Il prévoit une augmentation salariale de 4,3% à partir du 1er avril 2018 et une hausse en deux temps d’autres éléments de rémunération :

– Un versement unique de 100 euros pour la période janvier-mars 2018 (70 euros pour les apprentis)

– Le versement d’un supplément équivalent à 27,5% du salaire mensuel moyen (1 454 euros), soit 400 euros sera versé à tous les salariés au 1er juillet 2019. Pour les salariés ayant un enfant de 8 ans au plus et pour ceux exerçant des activités très pénibles, à la place de ce versement de 400 euros, il sera possible de prendre 8 jours de congés supplémentaires. Pour bénéficier de cette mesure, les travailleurs postés devront justifier d’une ancienneté située entre 5 et 15 ans selon le type d’horaires pratiqués.

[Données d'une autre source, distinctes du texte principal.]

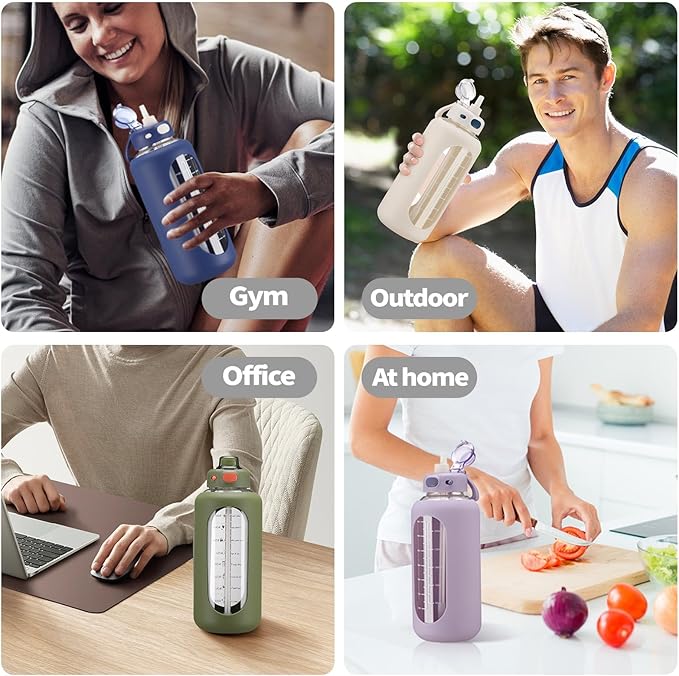 SIEROZUR 42 oz Glass Water Bottle with Straw and Handle Half Gallon Large Water Bottle with Silicone Sleeve and Time Marker Sports Water Jug Wide Mouth for Travel Gym
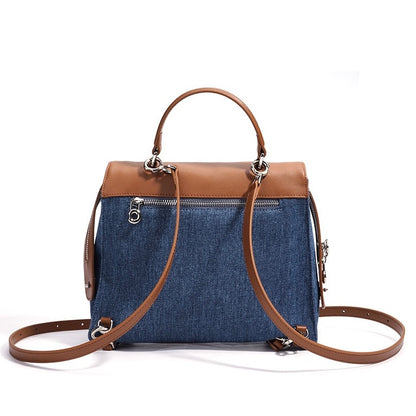 Women’s Genuine Leather & Denim Patchwork Backpack – Large Capacity Commuter Bag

Pour les entreprises, l’accord permet une augmentation possible du temps de travail de 35h à 40h, sur la base du volontariat, pour une part accrue de salariés (50% de l’effectif, contre 18% jusqu’ici), l’objectif étant de permettre aux entreprises de pallier le manque de compétences.

La réduction individuelle temporaire du temps de travail : quelle réalité ?

La vraie nouveauté de l’accord du 6 février est un droit au retour à temps plein pour les salariés ayant réduit temporairement leur temps de travail. Ce principe était vivement contesté par le patronat, pour lequel les raisons sociales de la réduction du temps de travail étaient une question de politique sociale et non de conventions collectives.

En revanche, la compensation de 200 euros par mois pour les travailleurs postés et les salariés ayant des enfants en bas âge ou des parents dépendants, demandée par IG Metall pour que la RTT à 28h bénéficie à tous, a été vivement combattue par les employeurs et n’a pas abouti. Deux éléments ont motivé leur refus : le coût d’une telle mesure (près de 14% du salaire mensuel moyen pour une RTT de 20%, soit une quasi compensation pour les salaires les plus faibles) et le risque juridique, cette mesure pouvant être perçue comme une source de discrimination. Le versement unique de 400 euros est bien loin de ce niveau, notamment parce qu’il bénéficie à tous. Mais surtout, déconnectée de la réduction individuelle du temps de travail, la mesure n’est pas de même nature que celle revendiquée par IG Metall. Elle révèle la difficulté à compenser des formes de réduction individuelle du temps de travail.

Dans ces conditions, la question de la réalité de la réduction individuelle temporaire du temps de travail à 28 heures se pose. L’enquête d’IG Metall rappelle que les préoccupations salariales restent une priorité pour la plupart des salariés. Par conséquent, il est possible que l’on assiste à des réductions du temps de travail limitées, particulièrement pour les salariés les moins payés, pour ne pas subir une baisse de rémunération trop marquée (au niveau du salaire moyen, l’augmentation de 4,3% représente un supplément de salaire mensuel d’environ 60 euros).

Les employeurs ont réussi à neutraliser les effets de cette réduction individuelle temporaire du temps de travail jusqu’à 28 heures sur le temps de travail moyen par salarié. Le calibrage de la mesure implique qu’il est peu probable que la limite de 10% de l’effectif réduisant son temps de travail jusqu’à 28 heures soit atteinte. Même si c’était le cas, le supplément d’heures supplémentaires résultant de l’accord reste théoriquement supérieur aux heures de RTT qui en découlent potentiellement. Et les corridors de temps de travail (bornes basses et hautes de la modulation), les comptes épargne-temps et les heures supplémentaires non payées (dont la progression au cours des dernières années est dénoncée par IG Metall) permettraient aux employeurs d’en limiter le coût. En revanche, le taux de chômage au plus bas depuis la réunification et la pénurie de main d’œuvre pour certaines compétences pourraient inciter les entreprises à accroître les heures supplémentaires.

En conclusion, l’accord signé est un accord salarial et de souplesse dans la gestion du temps de travail. Il apporte à l’organisation des temps de travail, sous deux dimensions : l’individualisation des pratiques (à la baisse comme à la hausse) et la gestion du temps de travail tout au long de la vie, selon les contraintes fluctuantes des salariés dans leur vie personnelle.